▸ **WHAT YOU ARE ASKED TO DO**
For this exercise, output the entries below exactly from the line that holds "Cute black cat" to the line that holds "May include: A", both ends included. No pictures belong in the copy.

▸ **MATERIAL PROVIDED**
=== Section Start ===
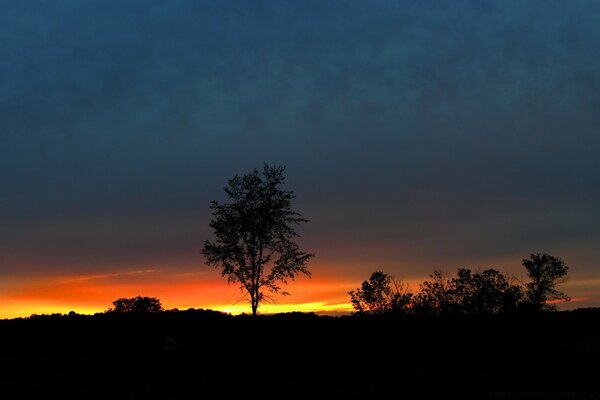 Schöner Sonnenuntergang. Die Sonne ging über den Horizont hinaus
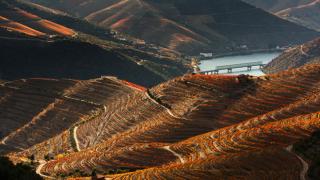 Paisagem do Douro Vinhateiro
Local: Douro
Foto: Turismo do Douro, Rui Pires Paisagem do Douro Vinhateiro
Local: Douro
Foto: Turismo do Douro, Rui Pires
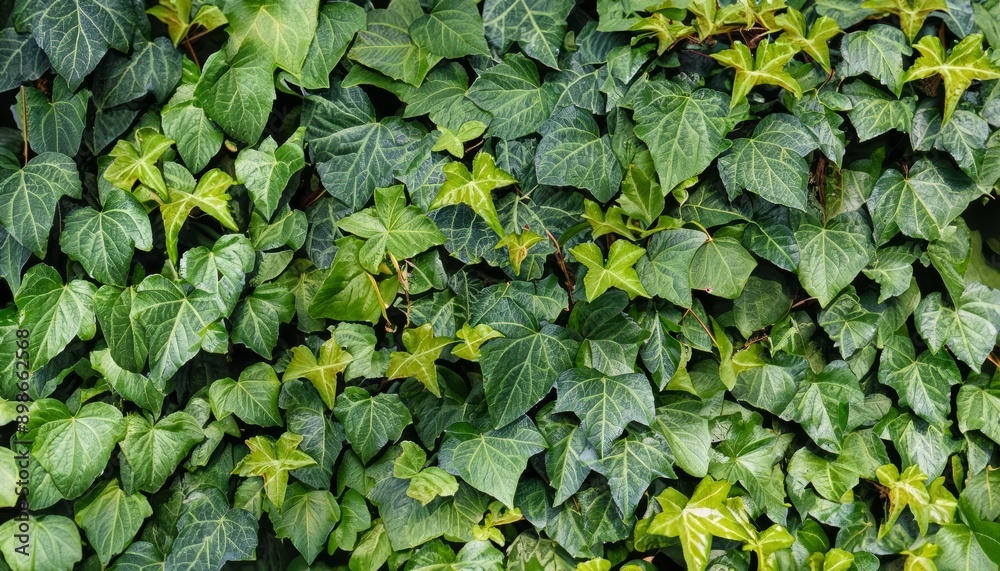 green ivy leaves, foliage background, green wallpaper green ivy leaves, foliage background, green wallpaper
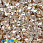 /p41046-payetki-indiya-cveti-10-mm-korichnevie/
=== Section End ===
=== Section Start ===
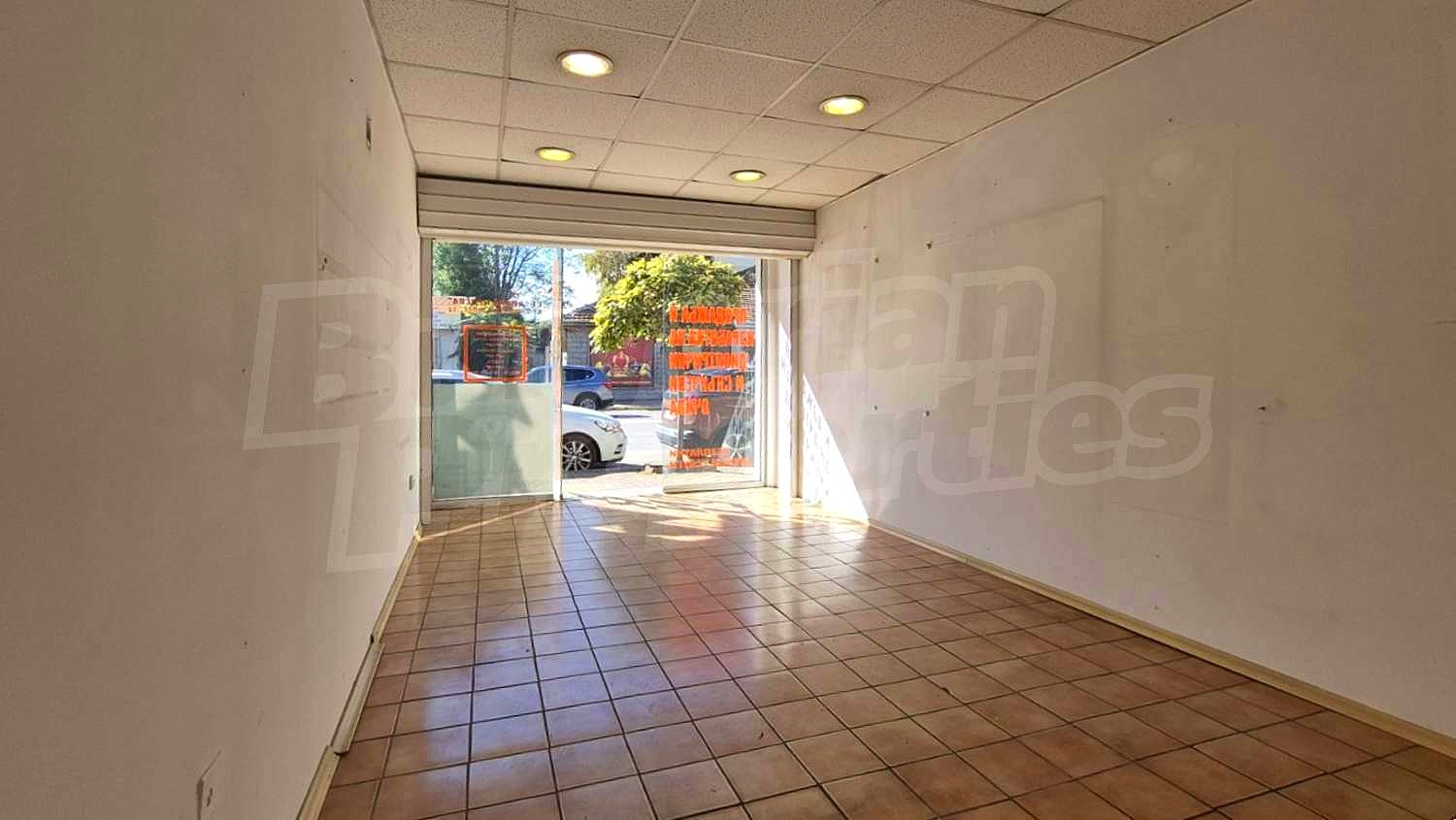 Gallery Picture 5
=== Section End ===
=== Section Start ===
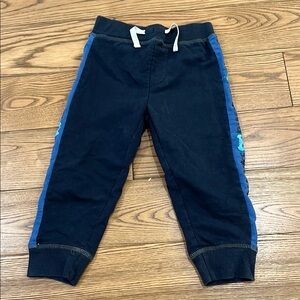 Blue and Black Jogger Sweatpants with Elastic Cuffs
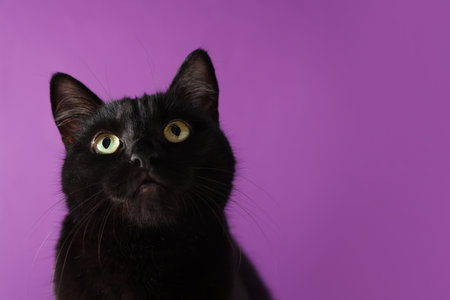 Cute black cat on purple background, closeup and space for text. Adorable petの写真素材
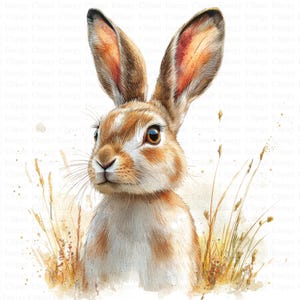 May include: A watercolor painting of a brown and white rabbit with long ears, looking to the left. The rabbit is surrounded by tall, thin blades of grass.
=== Section End ===
▸ **SOLUTION TO THE PROBLEM**
 Cute black cat on purple background, closeup and space for text. Adorable petの写真素材
 May include: A watercolor painting of a brown and white rabbit with long ears, looking to the left. The rabbit is surrounded by tall, thin blades of grass.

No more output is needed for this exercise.